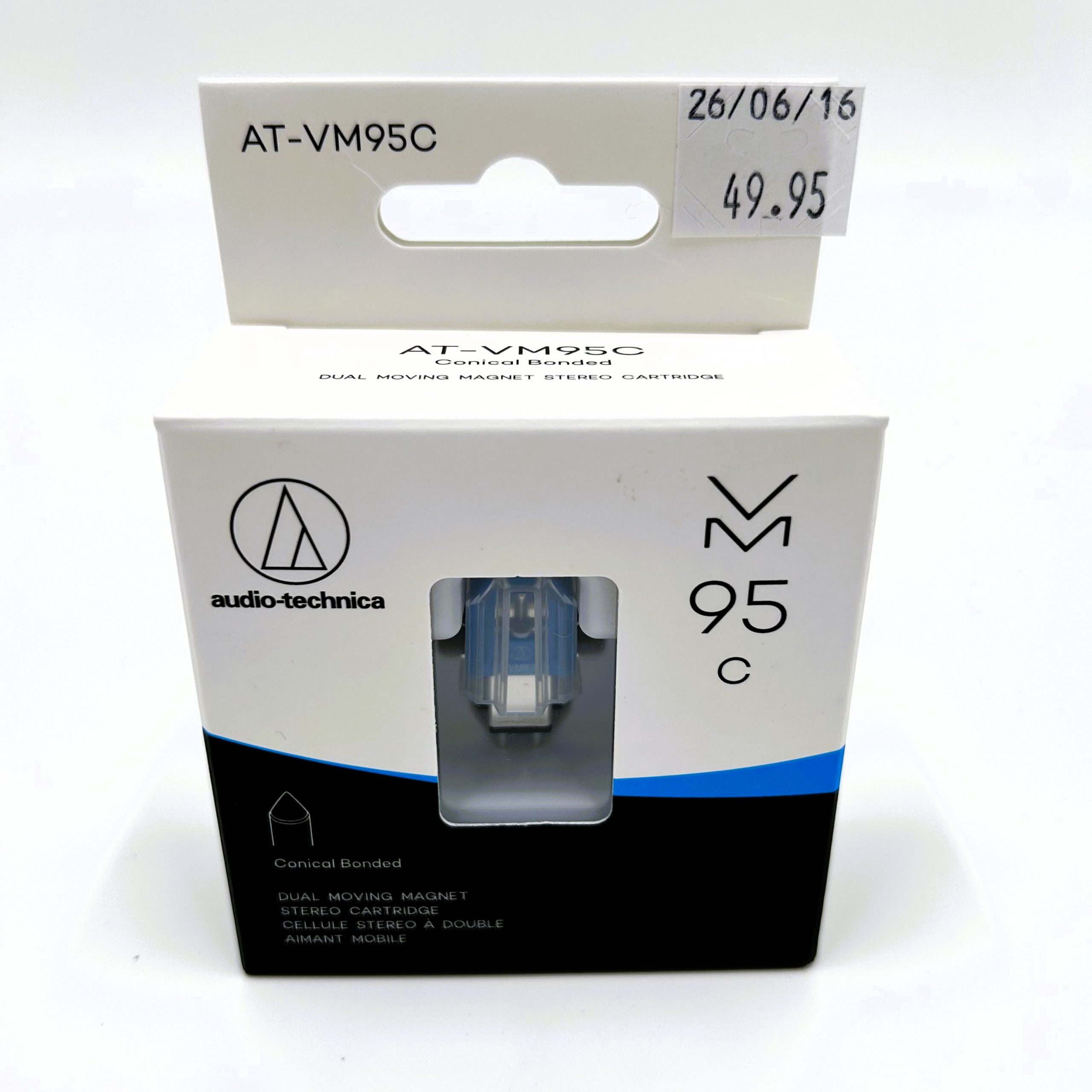 AUDIO TECHNICA AT-VM95C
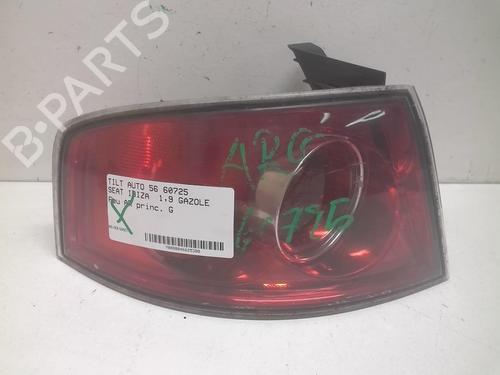 Left taillight SEAT IBIZA III (6L1) 1.9 TDI | BP18228346C34 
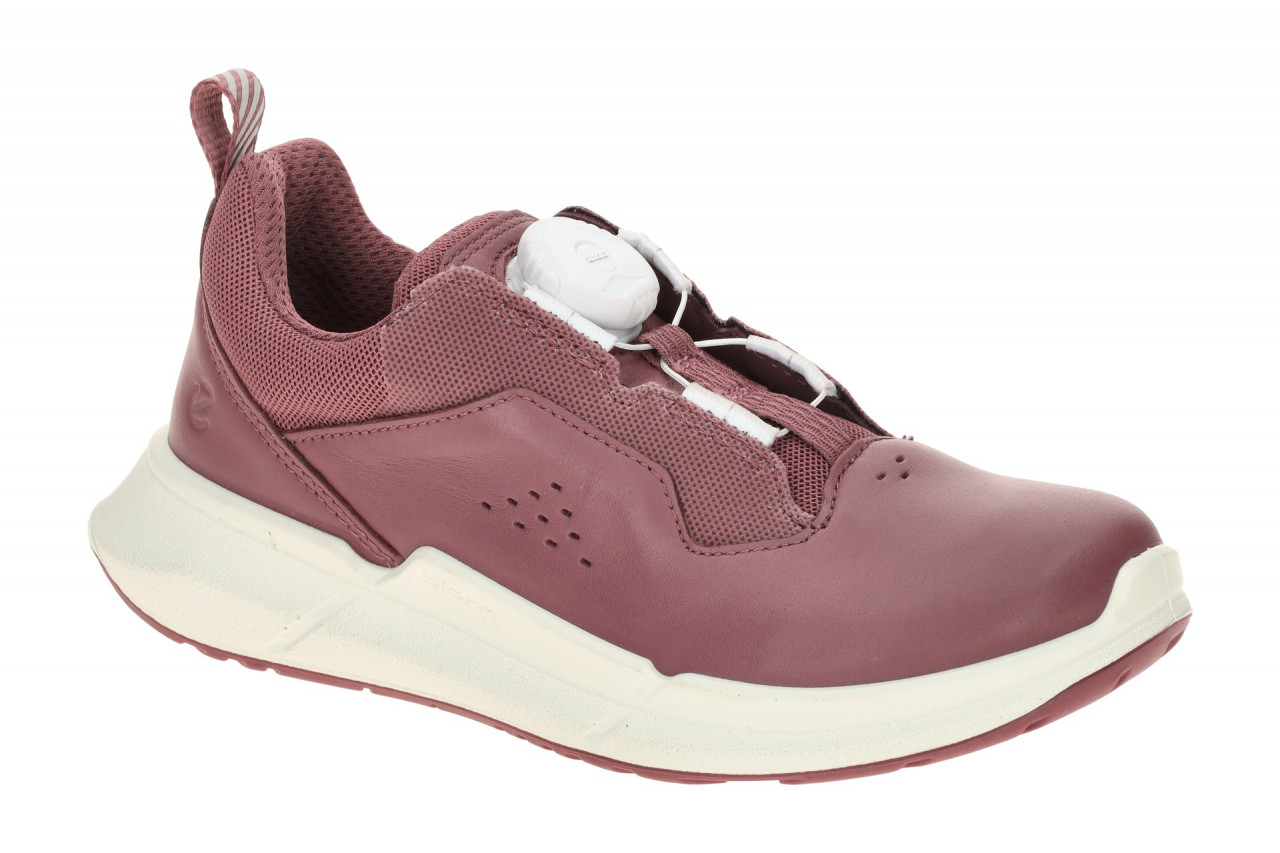 Ecco BIOM 2.2 71092253833 rot - Kinderschuhe Jungen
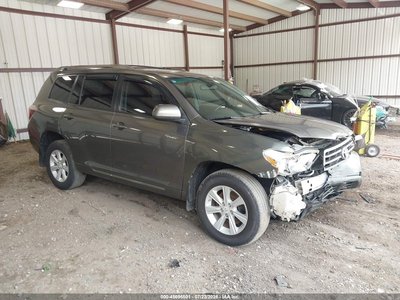 JTEES43A882****** 2008 Toyota Highlander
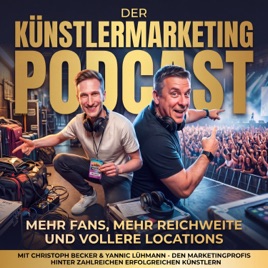 Der Künstlermarketing Podcast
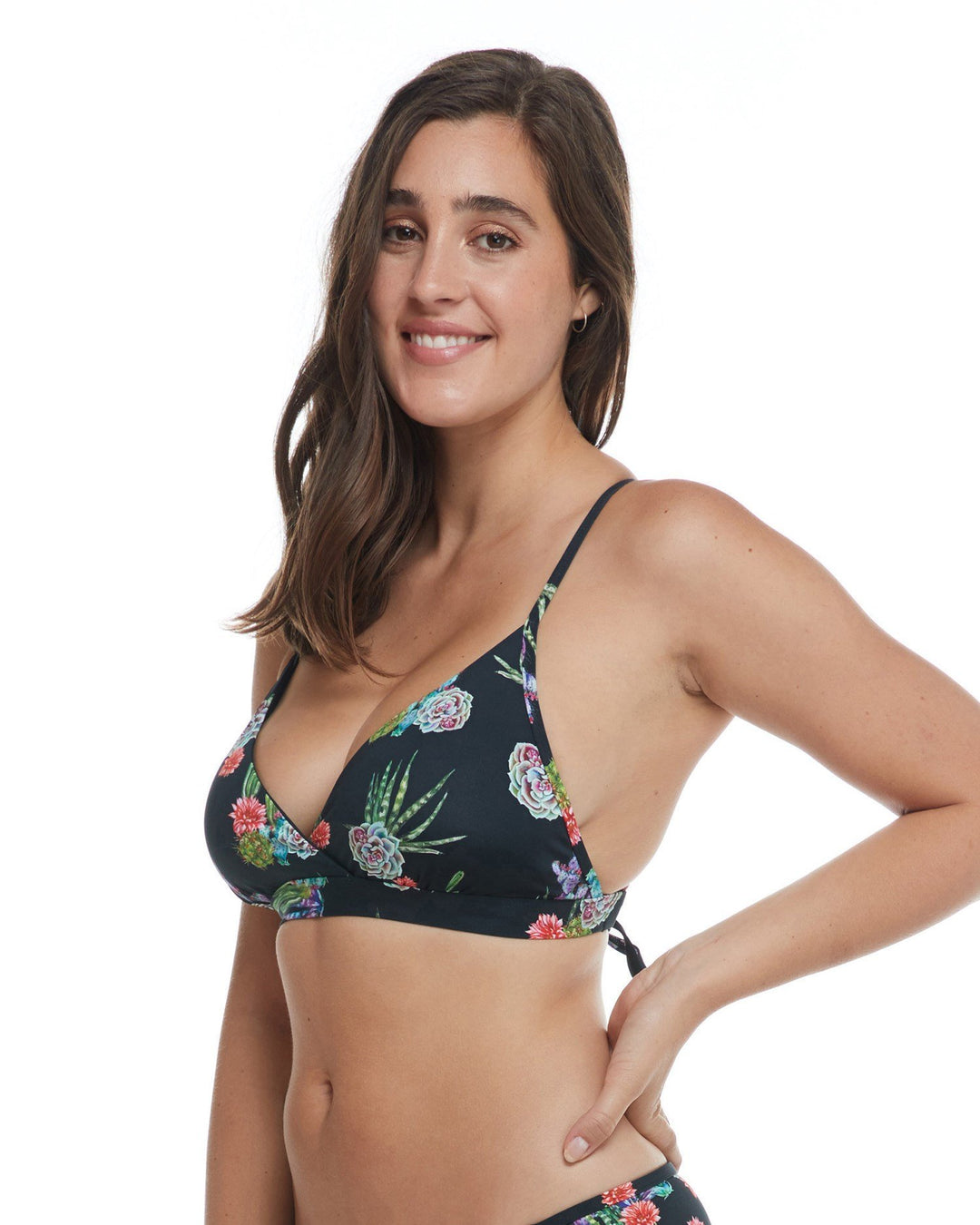 Eidon Senorita Madison D-Cup Top - Womens D Cup Bikini Tops - Big Sun Vernon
+-------+
* Brief
Output the listing above exactly as it stands; no picture should appear.

* Solution to this exercise
 AUDIO TECHNICA AT-VM95C
 Left taillight SEAT IBIZA III (6L1) 1.9 TDI | BP18228346C34 
 Ecco BIOM 2.2 71092253833 rot - Kinderschuhe Jungen
 JTEES43A882****** 2008 Toyota Highlander
 Der Künstlermarketing Podcast
 Eidon Senorita Madison D-Cup Top - Womens D Cup Bikini Tops - Big Sun Vernon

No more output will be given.